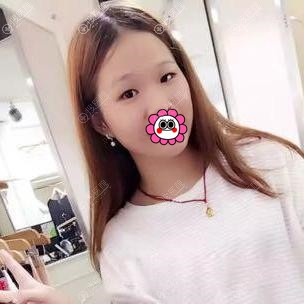 做双眼皮手术前 做双眼皮手术前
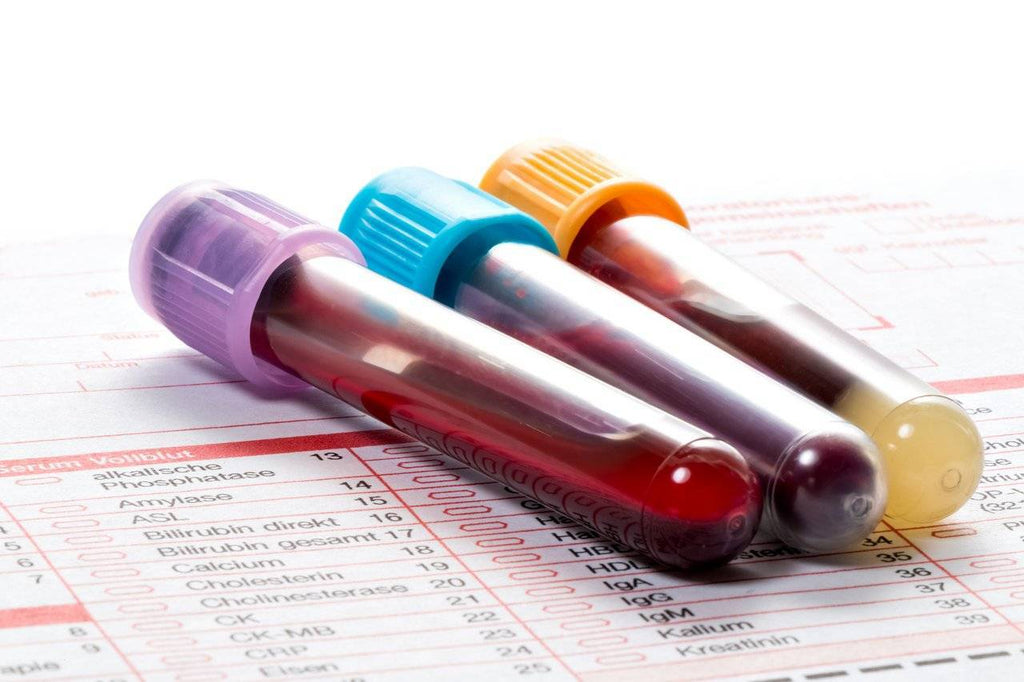 Blutwerte - Die wichtigsten Blutwerte verstehen und auswerten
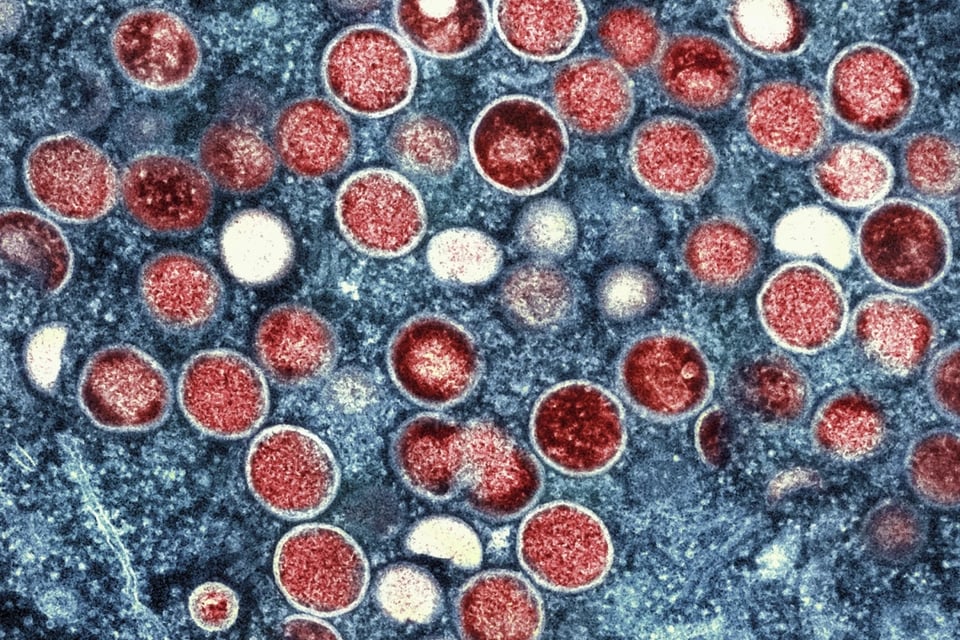 Declaran emergencia global por nuevo virus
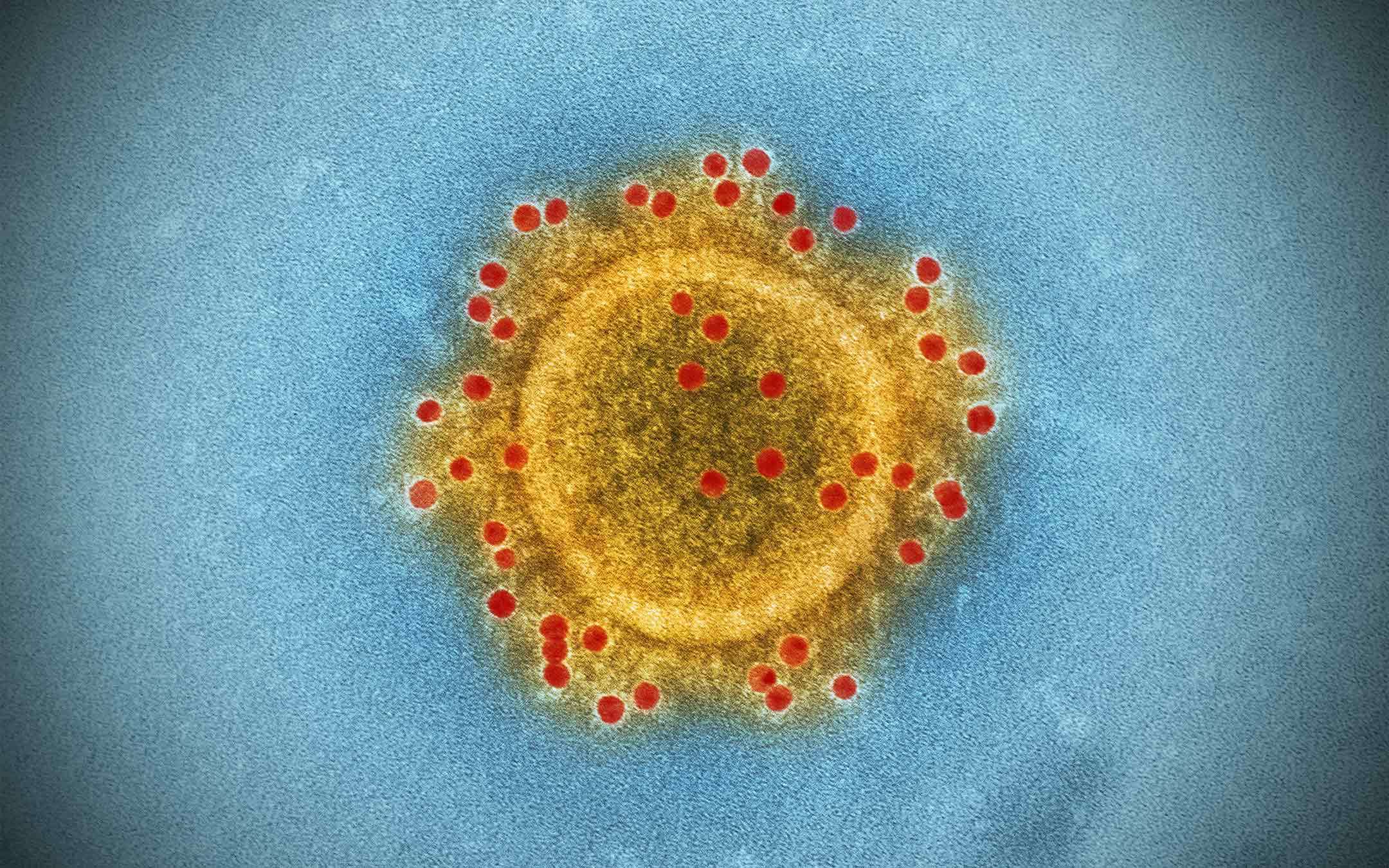 Coronavirus, le parole sono importanti: pandemia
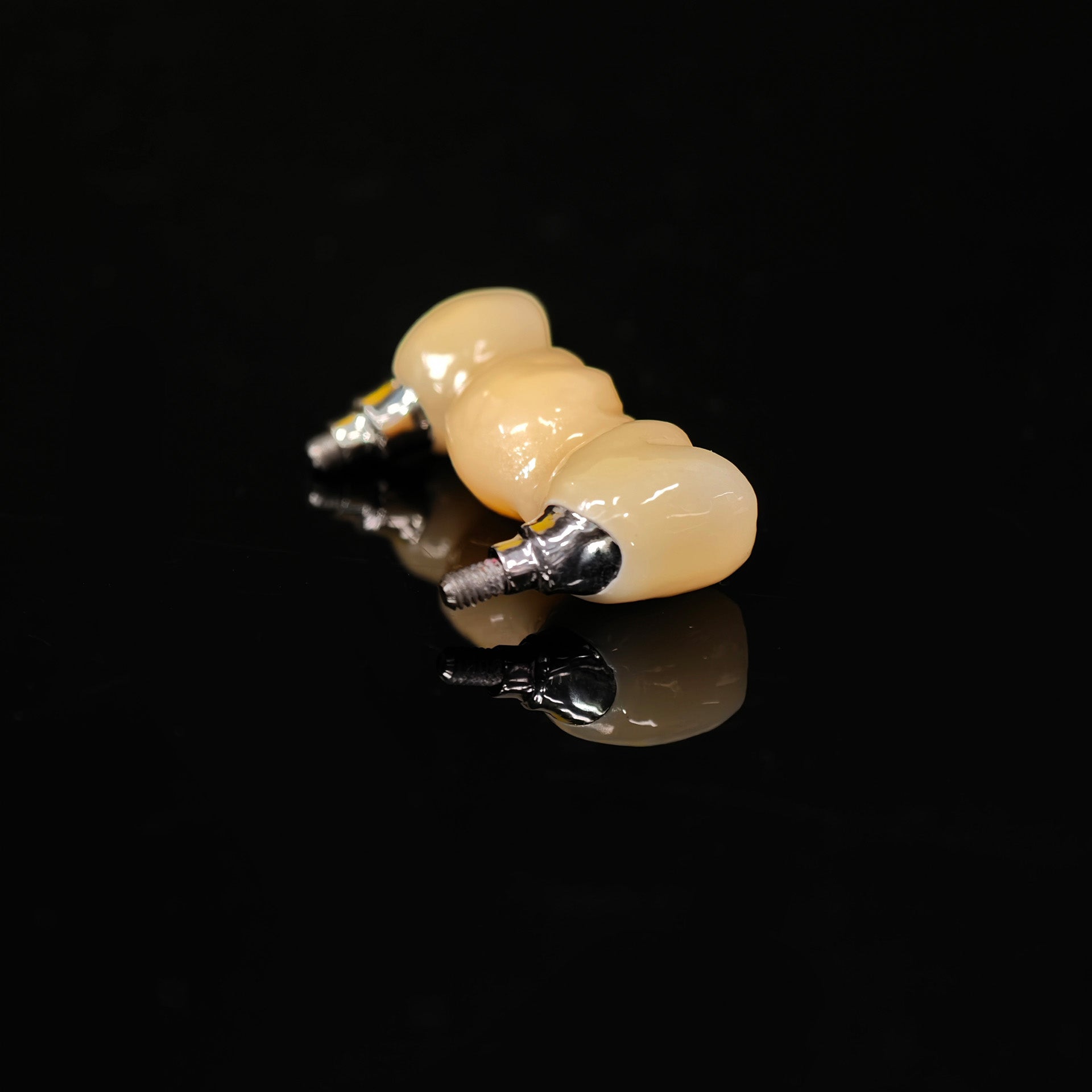 Zirconia Bridge With Screw Retained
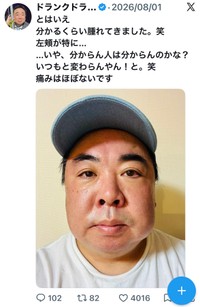 抜歯で腫れた左頬を披露する塚地武雅さん＝塚地武雅（@tsukajimuga）さんのXより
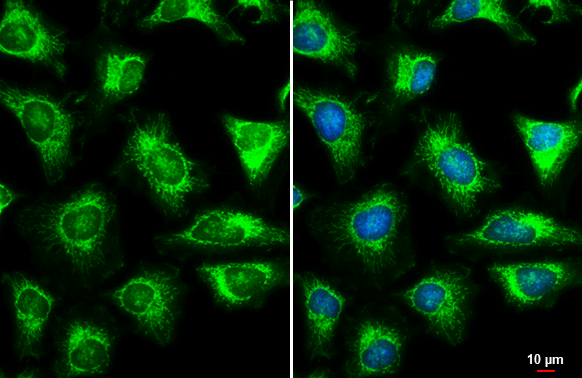 TOMM22 antibody detects TOMM22 protein at mitochondria by immunofluorescent analysis. Sample: HeLa cells were fixed in ice-cold MeOH for 5 min. Green: TOMM22 stained by TOMM22 antibody (GTX134799) diluted at 1:500. Blue: Hoechst 33342 staining. Scale bar= 10 μm.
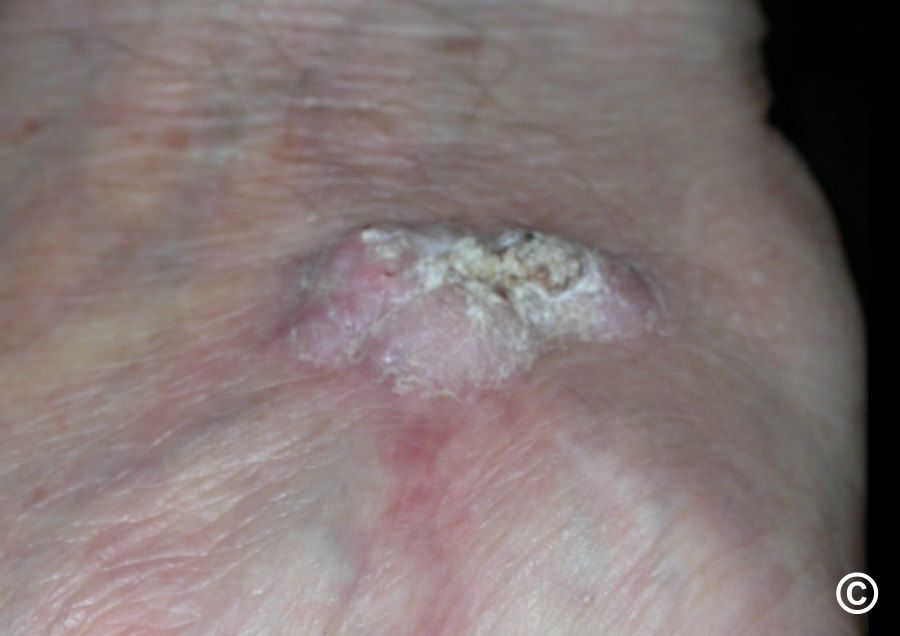 late squamous cell carcinoma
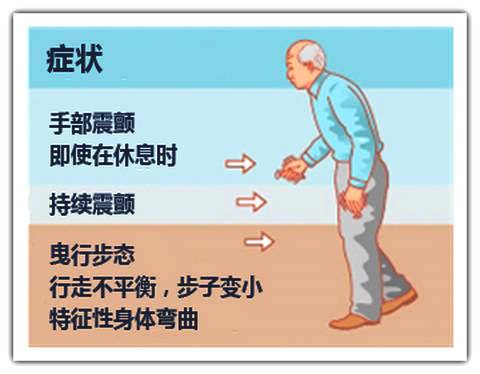 经颅磁刺激仪治疗帕金森有效果吗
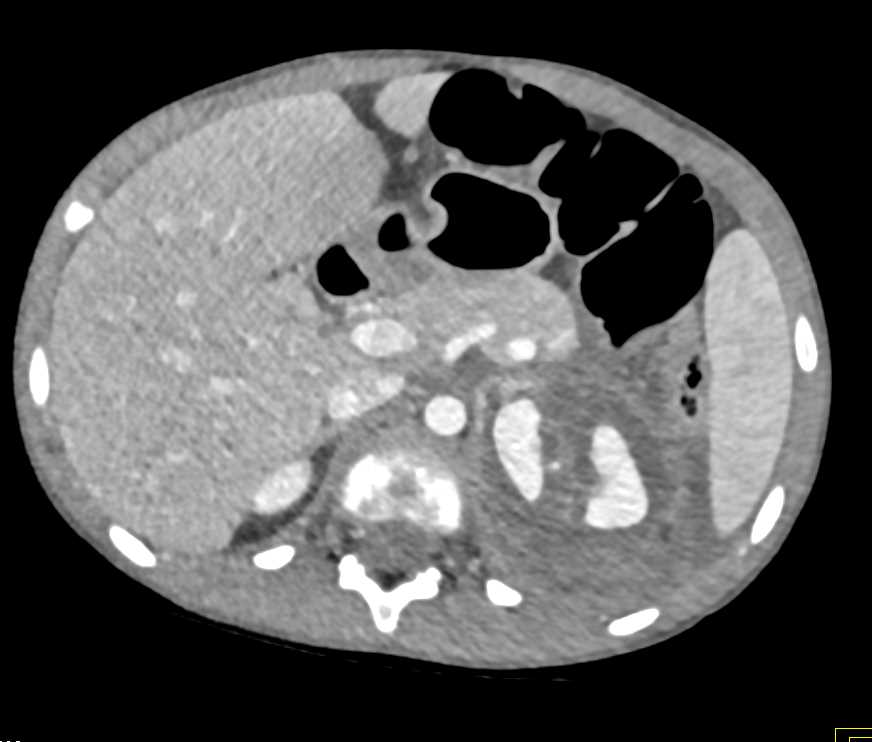 Laceration Left Kidney Post Trauma - CTisus CT Scan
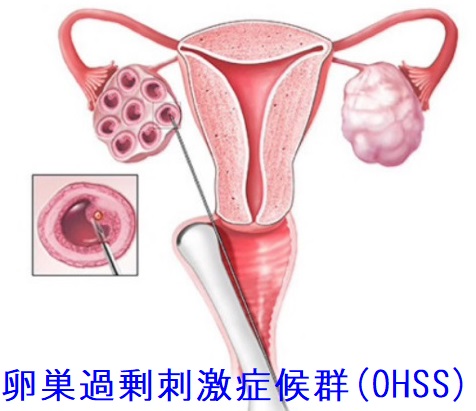 卵巣過剰刺激症候群（OHSS）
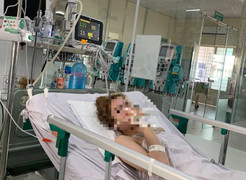 Vụ ngộ độc rượu tại TP.HCM: Thêm một nạn nhân nguy kịch, tổn thương não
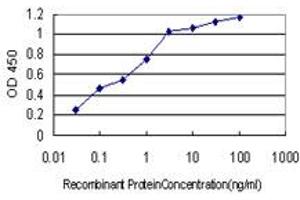 Detection limit for recombinant GST tagged AKR1B10 is approximately 0.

• • • • •

What you are asked to do:
Starting at the line that contains "Zirconia Bridge With Screw Retained", extract each line through the last line of the material exactly as written, and include no pictures.

Result of this exercise:
 Zirconia Bridge With Screw Retained
 抜歯で腫れた左頬を披露する塚地武雅さん＝塚地武雅（@tsukajimuga）さんのXより
 TOMM22 antibody detects TOMM22 protein at mitochondria by immunofluorescent analysis. Sample: HeLa cells were fixed in ice-cold MeOH for 5 min. Green: TOMM22 stained by TOMM22 antibody (GTX134799) diluted at 1:500. Blue: Hoechst 33342 staining. Scale bar= 10 μm.
 late squamous cell carcinoma
 经颅磁刺激仪治疗帕金森有效果吗
 Laceration Left Kidney Post Trauma - CTisus CT Scan
 卵巣過剰刺激症候群（OHSS）
 Vụ ngộ độc rượu tại TP.HCM: Thêm một nạn nhân nguy kịch, tổn thương não
 Detection limit for recombinant GST tagged AKR1B10 is approximately 0.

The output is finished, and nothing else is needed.